First I will get the total count for every genre

In [None]:
genres_count = pd.Series(df100['genres'].str.cat(sep = '|').split('|')).value_counts(ascending = False)
genres_count

> Fans seem to appreciate the Drama genre more than the others. Surprisingly for me Documentary is the second in the list with only one movie less than Drama.

Let's visualize the genres

In [None]:
#for the color variety
cmap = plt.cm.tab10
colors = cmap(np.arange(len(df)) % cmap.N)
# Initialize the plot
diagram = genres_count.plot.bar(fontsize = 12,color=colors)
# Set a title
plt.title('Top Genres')
# x-label and y-label
plt.xlabel('Type')
plt.ylabel('Number of Movies')
# Show the plot
plt.show();

>As we can see Drama is leading the way followed by Documentary and Music. Comedy and Crime in fourth and fifth place. History and TV Movie are the least two liked genres

### Research Question 2.6  (Which are the most frequent actor involved?)

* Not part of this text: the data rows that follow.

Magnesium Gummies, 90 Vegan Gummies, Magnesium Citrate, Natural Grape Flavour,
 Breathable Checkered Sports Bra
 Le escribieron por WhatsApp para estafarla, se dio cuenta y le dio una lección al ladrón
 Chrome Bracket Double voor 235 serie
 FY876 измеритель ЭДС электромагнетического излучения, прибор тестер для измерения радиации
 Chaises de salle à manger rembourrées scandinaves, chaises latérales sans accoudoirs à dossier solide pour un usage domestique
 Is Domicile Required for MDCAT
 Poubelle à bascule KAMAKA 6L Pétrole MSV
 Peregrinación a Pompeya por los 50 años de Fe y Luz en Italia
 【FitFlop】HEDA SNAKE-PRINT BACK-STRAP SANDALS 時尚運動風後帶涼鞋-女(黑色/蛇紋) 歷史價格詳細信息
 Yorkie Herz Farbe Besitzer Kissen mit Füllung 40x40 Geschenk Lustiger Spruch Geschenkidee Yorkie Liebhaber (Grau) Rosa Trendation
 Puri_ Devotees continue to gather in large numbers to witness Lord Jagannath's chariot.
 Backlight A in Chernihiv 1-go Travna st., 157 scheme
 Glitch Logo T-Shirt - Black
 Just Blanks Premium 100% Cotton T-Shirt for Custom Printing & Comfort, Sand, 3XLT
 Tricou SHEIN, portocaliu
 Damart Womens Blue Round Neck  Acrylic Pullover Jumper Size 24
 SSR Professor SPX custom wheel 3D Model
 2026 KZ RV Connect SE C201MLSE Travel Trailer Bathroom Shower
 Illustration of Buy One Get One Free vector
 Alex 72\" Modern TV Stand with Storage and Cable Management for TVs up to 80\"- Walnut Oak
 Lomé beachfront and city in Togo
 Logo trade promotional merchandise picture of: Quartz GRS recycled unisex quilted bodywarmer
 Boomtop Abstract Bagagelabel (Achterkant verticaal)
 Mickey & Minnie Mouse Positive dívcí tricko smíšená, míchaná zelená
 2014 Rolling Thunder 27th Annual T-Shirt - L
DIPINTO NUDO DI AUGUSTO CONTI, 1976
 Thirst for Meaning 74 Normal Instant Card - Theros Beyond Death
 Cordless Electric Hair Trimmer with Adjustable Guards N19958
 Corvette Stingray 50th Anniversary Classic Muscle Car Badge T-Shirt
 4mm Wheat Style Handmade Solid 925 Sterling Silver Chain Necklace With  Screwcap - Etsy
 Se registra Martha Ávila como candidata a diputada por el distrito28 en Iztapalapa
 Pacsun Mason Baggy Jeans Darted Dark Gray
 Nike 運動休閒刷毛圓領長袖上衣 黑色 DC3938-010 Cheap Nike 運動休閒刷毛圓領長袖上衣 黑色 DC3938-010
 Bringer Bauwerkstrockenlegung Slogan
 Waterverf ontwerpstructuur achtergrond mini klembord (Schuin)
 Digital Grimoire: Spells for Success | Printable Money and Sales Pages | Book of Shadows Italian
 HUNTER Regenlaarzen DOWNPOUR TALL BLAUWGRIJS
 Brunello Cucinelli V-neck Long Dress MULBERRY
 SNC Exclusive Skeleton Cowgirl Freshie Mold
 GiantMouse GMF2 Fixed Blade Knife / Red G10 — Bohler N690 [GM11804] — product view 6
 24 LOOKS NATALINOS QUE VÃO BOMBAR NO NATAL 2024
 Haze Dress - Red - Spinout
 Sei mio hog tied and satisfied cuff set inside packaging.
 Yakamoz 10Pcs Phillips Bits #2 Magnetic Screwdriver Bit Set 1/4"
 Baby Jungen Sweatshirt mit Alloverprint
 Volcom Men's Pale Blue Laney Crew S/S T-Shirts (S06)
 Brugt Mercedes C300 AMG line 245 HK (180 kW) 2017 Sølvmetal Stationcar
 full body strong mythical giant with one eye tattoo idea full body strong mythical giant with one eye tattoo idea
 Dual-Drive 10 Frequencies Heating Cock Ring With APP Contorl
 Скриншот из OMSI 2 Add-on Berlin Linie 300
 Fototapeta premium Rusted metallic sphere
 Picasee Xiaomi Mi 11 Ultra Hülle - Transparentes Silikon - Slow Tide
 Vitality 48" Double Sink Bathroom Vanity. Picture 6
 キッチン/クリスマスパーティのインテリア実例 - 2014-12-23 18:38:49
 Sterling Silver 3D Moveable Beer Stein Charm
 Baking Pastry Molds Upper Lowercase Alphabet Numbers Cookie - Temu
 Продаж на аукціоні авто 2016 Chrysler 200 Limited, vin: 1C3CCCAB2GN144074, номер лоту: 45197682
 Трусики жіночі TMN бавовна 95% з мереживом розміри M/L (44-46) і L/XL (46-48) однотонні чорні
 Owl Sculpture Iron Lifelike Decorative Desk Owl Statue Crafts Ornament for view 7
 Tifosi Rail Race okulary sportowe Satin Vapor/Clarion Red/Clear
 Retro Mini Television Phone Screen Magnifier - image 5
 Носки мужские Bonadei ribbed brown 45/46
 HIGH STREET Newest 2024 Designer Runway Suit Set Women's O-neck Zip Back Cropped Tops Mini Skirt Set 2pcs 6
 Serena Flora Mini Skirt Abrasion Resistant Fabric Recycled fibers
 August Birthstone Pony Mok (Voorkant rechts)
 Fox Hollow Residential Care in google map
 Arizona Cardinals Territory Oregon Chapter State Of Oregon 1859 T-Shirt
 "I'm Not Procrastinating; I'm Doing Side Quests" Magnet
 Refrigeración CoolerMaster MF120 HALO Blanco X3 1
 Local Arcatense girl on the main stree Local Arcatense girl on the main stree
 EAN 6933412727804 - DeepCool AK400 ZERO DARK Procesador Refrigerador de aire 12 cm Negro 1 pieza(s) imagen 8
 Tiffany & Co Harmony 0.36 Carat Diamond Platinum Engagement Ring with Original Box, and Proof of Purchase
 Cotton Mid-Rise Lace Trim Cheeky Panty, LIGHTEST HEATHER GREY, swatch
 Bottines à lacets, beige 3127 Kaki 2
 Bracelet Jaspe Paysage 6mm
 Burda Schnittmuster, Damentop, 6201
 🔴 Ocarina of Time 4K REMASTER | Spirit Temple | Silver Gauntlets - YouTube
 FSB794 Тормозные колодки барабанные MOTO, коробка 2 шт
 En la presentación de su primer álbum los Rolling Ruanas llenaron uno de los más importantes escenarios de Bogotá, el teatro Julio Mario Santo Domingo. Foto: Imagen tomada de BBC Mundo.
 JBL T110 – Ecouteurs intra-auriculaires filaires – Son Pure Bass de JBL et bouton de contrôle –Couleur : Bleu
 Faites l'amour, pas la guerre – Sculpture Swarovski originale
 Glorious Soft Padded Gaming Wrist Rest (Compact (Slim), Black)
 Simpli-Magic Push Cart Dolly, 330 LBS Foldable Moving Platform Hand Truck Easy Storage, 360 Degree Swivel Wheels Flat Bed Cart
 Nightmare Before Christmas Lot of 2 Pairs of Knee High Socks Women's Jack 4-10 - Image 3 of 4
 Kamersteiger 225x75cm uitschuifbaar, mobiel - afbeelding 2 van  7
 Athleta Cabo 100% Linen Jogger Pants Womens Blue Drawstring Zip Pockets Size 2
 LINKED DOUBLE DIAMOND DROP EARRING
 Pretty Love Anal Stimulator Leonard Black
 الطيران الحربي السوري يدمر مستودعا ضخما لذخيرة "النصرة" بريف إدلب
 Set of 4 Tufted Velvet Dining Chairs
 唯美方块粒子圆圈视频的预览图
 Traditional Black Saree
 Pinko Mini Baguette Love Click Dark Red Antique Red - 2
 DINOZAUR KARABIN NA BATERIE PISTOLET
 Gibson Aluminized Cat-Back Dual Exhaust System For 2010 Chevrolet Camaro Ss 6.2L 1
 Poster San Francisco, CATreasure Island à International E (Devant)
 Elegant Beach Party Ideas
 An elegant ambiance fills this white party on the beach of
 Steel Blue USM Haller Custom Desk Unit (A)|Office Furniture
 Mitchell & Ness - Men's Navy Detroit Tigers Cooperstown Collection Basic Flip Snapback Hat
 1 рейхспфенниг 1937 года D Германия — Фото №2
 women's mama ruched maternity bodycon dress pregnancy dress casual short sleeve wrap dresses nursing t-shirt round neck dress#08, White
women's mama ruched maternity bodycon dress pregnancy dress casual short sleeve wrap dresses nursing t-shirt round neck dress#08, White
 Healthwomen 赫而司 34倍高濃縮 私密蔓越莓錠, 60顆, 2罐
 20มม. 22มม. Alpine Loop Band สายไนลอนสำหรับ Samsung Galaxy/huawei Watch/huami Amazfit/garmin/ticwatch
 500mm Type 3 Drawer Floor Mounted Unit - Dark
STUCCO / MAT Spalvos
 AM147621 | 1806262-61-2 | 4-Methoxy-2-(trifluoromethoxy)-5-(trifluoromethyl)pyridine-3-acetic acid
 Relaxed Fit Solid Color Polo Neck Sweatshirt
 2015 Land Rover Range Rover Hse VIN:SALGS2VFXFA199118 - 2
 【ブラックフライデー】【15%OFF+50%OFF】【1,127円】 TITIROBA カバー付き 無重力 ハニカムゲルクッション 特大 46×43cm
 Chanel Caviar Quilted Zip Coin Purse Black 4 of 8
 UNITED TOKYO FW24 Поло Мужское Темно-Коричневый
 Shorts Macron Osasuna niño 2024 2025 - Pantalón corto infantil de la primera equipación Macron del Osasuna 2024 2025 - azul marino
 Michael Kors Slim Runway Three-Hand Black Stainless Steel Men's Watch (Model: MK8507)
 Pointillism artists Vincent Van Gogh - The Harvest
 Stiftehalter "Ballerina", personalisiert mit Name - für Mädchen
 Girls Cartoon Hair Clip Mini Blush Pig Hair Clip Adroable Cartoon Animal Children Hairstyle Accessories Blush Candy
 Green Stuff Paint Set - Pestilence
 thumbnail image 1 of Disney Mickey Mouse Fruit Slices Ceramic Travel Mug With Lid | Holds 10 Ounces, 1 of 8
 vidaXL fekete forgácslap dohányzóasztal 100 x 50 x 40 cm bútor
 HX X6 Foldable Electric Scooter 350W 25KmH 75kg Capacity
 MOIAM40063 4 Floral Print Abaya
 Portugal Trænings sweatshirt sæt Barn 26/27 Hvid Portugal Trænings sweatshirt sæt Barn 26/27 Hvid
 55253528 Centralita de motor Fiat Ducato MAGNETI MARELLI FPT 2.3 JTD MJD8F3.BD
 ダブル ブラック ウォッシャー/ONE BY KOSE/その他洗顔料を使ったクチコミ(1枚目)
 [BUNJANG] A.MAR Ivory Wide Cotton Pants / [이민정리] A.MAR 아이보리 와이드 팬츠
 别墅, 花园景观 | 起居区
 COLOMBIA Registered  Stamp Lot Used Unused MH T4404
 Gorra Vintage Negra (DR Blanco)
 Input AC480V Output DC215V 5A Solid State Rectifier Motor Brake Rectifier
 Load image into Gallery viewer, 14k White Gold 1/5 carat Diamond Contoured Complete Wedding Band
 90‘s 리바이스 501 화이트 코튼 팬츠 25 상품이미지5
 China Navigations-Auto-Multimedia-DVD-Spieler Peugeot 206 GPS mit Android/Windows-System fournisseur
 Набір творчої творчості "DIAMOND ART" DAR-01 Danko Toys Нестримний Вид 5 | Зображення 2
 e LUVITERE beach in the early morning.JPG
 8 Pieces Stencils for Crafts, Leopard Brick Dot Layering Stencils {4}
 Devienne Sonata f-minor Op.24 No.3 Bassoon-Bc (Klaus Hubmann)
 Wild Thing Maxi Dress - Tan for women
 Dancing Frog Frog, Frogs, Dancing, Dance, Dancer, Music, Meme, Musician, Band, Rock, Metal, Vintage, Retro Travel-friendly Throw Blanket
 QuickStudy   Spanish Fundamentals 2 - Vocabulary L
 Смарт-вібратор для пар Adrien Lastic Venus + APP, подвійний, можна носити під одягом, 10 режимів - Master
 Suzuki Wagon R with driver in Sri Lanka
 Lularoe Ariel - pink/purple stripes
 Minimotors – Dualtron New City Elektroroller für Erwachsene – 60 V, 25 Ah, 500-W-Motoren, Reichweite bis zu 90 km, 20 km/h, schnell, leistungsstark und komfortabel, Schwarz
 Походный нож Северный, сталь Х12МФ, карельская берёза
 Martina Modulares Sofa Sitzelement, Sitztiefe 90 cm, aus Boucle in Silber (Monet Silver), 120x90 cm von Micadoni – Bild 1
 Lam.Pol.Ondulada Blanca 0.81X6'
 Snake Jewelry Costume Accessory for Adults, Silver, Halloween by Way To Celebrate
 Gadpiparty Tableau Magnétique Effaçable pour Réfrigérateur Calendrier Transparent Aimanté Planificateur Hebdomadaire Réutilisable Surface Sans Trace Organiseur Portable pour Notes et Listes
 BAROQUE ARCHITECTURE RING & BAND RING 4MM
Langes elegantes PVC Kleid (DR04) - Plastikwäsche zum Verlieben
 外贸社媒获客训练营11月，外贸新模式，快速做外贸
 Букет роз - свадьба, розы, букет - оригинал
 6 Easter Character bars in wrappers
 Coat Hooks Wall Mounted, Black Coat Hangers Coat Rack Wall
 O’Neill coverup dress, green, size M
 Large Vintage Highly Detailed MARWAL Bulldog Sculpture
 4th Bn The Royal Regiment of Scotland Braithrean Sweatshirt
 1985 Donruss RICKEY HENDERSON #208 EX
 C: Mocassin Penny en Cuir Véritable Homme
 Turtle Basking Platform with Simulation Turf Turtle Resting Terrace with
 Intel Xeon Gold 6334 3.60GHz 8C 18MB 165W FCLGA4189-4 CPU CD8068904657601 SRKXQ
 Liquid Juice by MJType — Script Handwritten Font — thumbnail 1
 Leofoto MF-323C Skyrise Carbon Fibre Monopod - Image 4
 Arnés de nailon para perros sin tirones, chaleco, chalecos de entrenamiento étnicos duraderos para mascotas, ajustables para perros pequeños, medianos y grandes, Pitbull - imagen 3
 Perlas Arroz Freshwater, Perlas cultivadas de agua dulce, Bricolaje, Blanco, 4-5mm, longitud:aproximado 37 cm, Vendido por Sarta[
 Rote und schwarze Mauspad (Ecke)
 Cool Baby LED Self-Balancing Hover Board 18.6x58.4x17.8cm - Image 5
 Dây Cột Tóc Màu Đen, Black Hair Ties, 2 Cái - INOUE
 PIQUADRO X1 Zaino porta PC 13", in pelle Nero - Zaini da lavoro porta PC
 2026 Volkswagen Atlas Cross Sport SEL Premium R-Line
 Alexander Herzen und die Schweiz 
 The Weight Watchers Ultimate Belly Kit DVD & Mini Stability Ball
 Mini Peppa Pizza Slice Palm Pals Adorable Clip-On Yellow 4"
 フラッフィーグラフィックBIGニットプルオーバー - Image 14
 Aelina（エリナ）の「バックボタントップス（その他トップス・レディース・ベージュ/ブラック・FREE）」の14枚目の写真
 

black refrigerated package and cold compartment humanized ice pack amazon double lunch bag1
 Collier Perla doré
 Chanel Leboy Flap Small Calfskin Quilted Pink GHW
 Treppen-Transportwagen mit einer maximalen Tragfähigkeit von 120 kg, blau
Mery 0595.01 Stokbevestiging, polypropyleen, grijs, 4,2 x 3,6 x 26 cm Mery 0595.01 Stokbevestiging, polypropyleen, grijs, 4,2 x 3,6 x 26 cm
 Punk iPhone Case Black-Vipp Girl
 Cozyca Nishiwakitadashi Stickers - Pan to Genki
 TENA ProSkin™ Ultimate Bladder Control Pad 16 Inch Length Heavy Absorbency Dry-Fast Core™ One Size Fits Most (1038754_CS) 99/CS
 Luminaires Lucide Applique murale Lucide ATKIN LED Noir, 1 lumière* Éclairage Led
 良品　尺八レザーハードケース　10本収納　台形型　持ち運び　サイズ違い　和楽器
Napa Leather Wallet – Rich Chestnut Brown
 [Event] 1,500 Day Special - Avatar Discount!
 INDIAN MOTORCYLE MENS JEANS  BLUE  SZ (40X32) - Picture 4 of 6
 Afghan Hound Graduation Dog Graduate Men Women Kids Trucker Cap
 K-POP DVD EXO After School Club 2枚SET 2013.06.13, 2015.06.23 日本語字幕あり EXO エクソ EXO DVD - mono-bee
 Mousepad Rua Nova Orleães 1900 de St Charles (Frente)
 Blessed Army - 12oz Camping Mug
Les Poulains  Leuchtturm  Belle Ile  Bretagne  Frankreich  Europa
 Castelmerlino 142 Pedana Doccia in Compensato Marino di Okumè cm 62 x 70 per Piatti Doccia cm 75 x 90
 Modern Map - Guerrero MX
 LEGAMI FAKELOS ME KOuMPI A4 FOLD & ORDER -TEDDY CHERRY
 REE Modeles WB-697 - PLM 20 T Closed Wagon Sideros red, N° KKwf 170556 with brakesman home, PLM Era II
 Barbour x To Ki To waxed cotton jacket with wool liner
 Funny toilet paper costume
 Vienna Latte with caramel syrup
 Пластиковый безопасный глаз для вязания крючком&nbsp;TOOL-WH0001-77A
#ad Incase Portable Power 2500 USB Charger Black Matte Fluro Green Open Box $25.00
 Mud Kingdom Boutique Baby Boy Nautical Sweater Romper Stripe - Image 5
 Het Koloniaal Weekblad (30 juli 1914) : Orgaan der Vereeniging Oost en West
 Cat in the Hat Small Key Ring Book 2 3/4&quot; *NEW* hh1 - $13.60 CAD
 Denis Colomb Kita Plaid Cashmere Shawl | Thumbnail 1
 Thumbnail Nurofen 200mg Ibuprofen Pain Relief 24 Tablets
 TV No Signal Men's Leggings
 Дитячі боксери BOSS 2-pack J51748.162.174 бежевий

First I will get the total count for every actor

In [None]:
actor_count = pd.Series(df100['cast'].str.cat(sep = '|').split('|')).value_counts(ascending = False)
actor_count.head(20)

Let's visualize the actors

In [None]:
# Initialize the plot
cmap = plt.cm.tab10
colors = cmap(np.arange(len(df)) % cmap.N)
diagram = actor_count.head(20).plot.barh(fontsize = 8,color=colors)
# Set a title
diagram.set(title = 'Actors')
# x-label and y-label
diagram.set_xlabel('Number of Movies')
diagram.set_ylabel('List of Actors')
# Show the plot
plt.show()

The top six actors here are :
>Louis Tomlinson
>Niall Horan          
>Liam Payne           
>Bill Burr            
>David Tennant        
>Harry Styles         

with all of them having 3 movies in the list

<a id='conclusions'></a>
## Conclusions


> ##### So the conclusion is, that if we want to create movies which can be in the top 100 highest rated movies then
> The average budget of the movies can be arround 14,185,571.58 Dollars
>
> The average runtime of the movies can be arround 1 hour and 42 minutes and 41 seconds.
>
> The Top 10 Genres we should focus on should be Drama, Documentary, Music, Comedy, Crime, Thriller, Animation, Science Fiction, Family and Adventure.
>
> The Top 6 cast we should focus on should be : Louis Tomlinson Niall Horan, Liam Payne, Bill Burr, David Tennant and Harry Styles
>
> The average revenue of the movies will be arround 81,859,012.63 Dollars 
>
> ##### The limitations associated with the conclusions are:
>We have used TMBD Movies dataset for our analysis and worked with popularity, revenue and runtime. Our analysis is limited to only the provided dataset. For example, the dataset does not confirm that every release of every director is listed.
>
>There is no normalization or exchange rate or currency conversion is considered during this analysis and our analysis is limited to the numerical values of revenue.
>
>Dropping missing or Null values from variables of our interest might skew our analysis and could show unintentional bias towards the relationship being analyzed. etc.